Cambio della guardia in Veneto. Fratelli d’Italia mette la Lega all'angolo. E la base si sfoga sui social: «Via Salvini»
VENEZIA E' un terremoto politico quello che scuote il Veneto, dopo l'esito del voto per il Parlamento. Una svolta prevista ma non in queste dimensioni. Con un vincitore netto: il partito di Giorgia Meloni, nuovo dominus della scena.
E tra gli sconfitti la Lega di Matteo Salvini, che ne esce doppiata da Fratelli d'Italia nelle preferenze. Finisce percentualmente 32 a 14 la sfida nel centrodestra, con Fdi largamente il primo partito in Veneto. "Stiamo parlando di un tracollo vero e proprio" afferma Roberto Marcato, assessore regionale e 'colonnello' leghista.

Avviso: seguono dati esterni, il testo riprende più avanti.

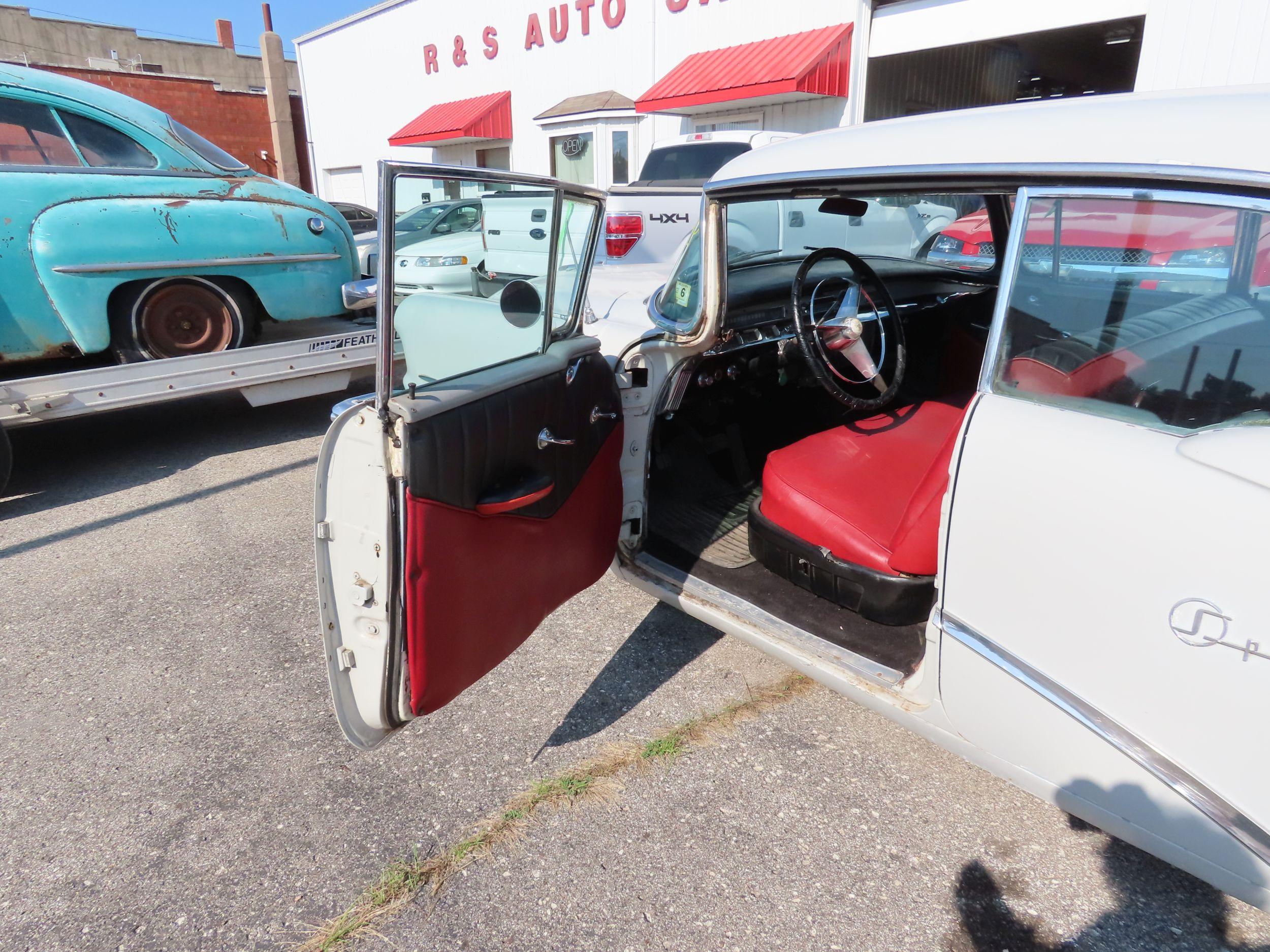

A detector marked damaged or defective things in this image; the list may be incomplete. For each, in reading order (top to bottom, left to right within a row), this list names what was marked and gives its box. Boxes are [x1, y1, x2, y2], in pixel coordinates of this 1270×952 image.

rusted turquoise car [0, 63, 358, 366]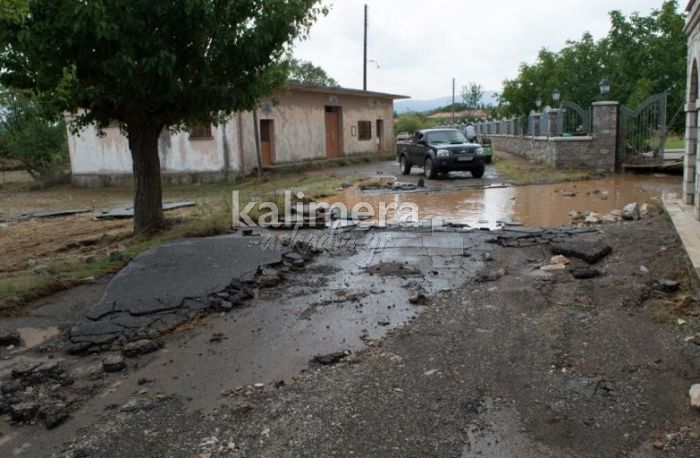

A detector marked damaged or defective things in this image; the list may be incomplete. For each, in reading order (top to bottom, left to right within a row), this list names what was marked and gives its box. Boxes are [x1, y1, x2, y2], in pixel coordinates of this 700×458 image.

damaged pavement [0, 216, 696, 458]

Il colpo per la Lega - qui abituata a risultati bulgari quando Luca Zaia l'ha guidata alle regionali - è acuito dal sorpasso del Pd, che pur con un modesto 16% sopravanza, quale secondo partito, gli avversari del Carroccio. Esito che non potrà non avere contraccolpi, anche se per la presidenza di Palazzo Balbi - dove Zaia non potrà più ricandidarsi - si tornerà a votare solo nel 2025.
Lo smarrimento nel Carroccio è aumentato dalle conseguenze del brusco cambio della guardia. Ad iniziare dal dossier sull'autonomia differenziata, che difficilmente entrerà subito nell'agenda del futuro governo, se sarà premier Gorgia Meloni.
E così, mentre il governatore Luca Zaia parla di risultato "assolutamente deludente" per la Lega, e invoca un'analisi seria della cause senza "semplici giustificazioni", la rabbia della base leghista esplode nei commenti dei militanti sulle pagine social degli amministratori regionali. "Disastro annunciato" è l'espressione più ricorrente, seppur con varianti, a seconda che sia Matteo Salvini il bersaglio, o la classe dirigente locale.
"La sconfitta non ha un solo padre, ma anche tanti figli che hanno pensato a salvaguardare sé stessi infischiandosene di tutto il resto", è uno dei post sulla rete dell'arcipelago social leghista.
C'è anche chi critica coloro che oggi attaccano il Salvini: "Vi siete pure fatti fotografare con lui sul palco di Pontida" ricorda un militante, che non risparmia "i manifesti nei quali anche Zaia vi era ritratto assieme. Tutti voi che non avete voluto ascoltare le persone allo stremo, dovreste avere la serietà di chiedere scusa e dimettervi". Non meno tenero è l'assessore regionale Gianpaolo Bottacin: "credo che errori la Lega ne ha fatti sicuramente, ma l'esito è drammatico".
"Siccome siamo il partito dei commissari nominati dall'alto - aggiunge - il commissario rappresenta l'uomo solo al comando e come tale ha tanto potere e anche tanta responsabilità. Quando uno decide da solo, se le cose van bene è tutto merito suo, se vanno male è tutta colpa sua".
Difficile vedere adesso, dopo 20 anni di leghismo, il futuro della società veneta attraverso il vetro di queste elezioni. Fdi non ha finora in Veneto una tradizione amministrativa forte. Giorgia Meloni nel 2018 aveva raccolto qui un 4%. Il suo sindaco di punta era Federico Sboarina, a Verona, che a giugno ha perso il ballottaggio con Damiano Tommasi (centrosinistra) proprio per il mancato accordo tra Fdi e Lega.
Ora le cose sono cambiate. Fratelli d'Italia, partito tradizionalmente a impianto meridionale, prende proprio in Veneto "più voti che in ogni altra regione d'Italia" evidenzia il politologo Paolo Feltrin, pescando in particolare "nelle aree periferiche, non nelle città capoluogo". Ma, soprattutto, le mappe del voto evidenziano "una pressoché totale coincidenza tra le aree di calo di voti della Lega e quelle di aumento di FdI".